Miu Miu - Hermès - Miu Miu, a/w 2014. Images: Imaxtree and Getty

Was it the strong scent of plastic, the sight of Jared Leto and Lupita Nyong’o fresh from their Oscars wins, or the fact that this was the penultimate show of fashion month that made the atmosphere so giddy at the show?

Everything was coated in transparent plastic and the three-floored seating, constructed from steel scaffolding, gave a strong urban feel. Add to that the soundtrack of Depeche Mode’s darkly dreamy Enjoy The Silence, and probably the last thing expected on the catwalk were sweet pastels.

It wasn’t long before those baby blue, pink and yellow quilted ski jackets over satin pleat short dresses subverted into something more, well, Miuccia. The addition of a huge shearling coat with bare legs and spiky metallic pink sandals, or 1960s-ish shaped tailoring with pointy plastic green booties, a sickly sweet pink hand-knitted sweater or the childlike French raincoats with huge patch pockets fastened with press studs.

By the end, it had become one fantastic mash up of plastic, metallic quilting, ski knitwear, crystal embellishment and more plastic. You could see this collection going down a storm with customers who like their Miu Miu cute and shiny as opposed to grown-up and elegant.

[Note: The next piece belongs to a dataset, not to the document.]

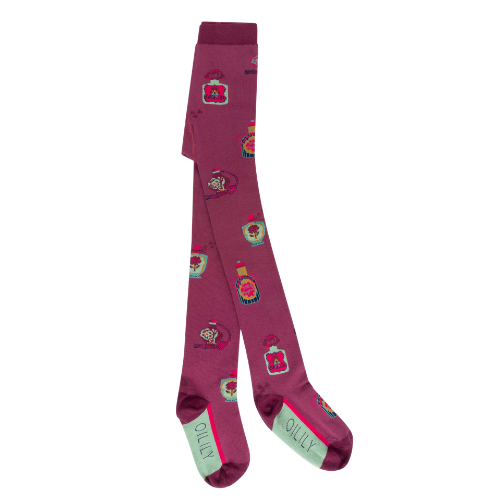 Oilily Girls Purple Perfume Print Tights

This was not the elegant woman that Karen Elson portrayed in last year’s denim coat collection, more the girl we saw in the intarsia leather animal coats of last season, except that now she’s into plastic, metallic pastels and rocks of crystal.

Hermès - Miu Miu - Hermès, a/w 2014. Images: Imaxtree

Christophe Lemaire has turned into the sort of designer who wants you to get all excited about the draped collar of a double-faced cashmere coat. And that’s just fine because he has redefined as the brand it should be – understated, uber-luxurious and proud of its travels to exotic places.

This season, it looked like the thin trousers worn under wrap skirts and those richly detailed silk prints hailed from Rajasthan. The other big idea was draping, which worked beautifully on a black belted sleeveless dress or a loose top with a scarf for a collar that gently flipped over one shoulder. Most beautiful remains the tailoring, however, which, in keeping with this season, looked to menswear for inspiration in wide-legged trouser suits and gorgeous oversized coats – so spare and impeccably structured.

Most importantly, almost any piece from Hermès is now so easy to assimilate into any wardrobe that doesn’t want to scream its fashion credentials from the rooftops. Hermès is luxury craftsmanship for those who want to be both admired and invisible.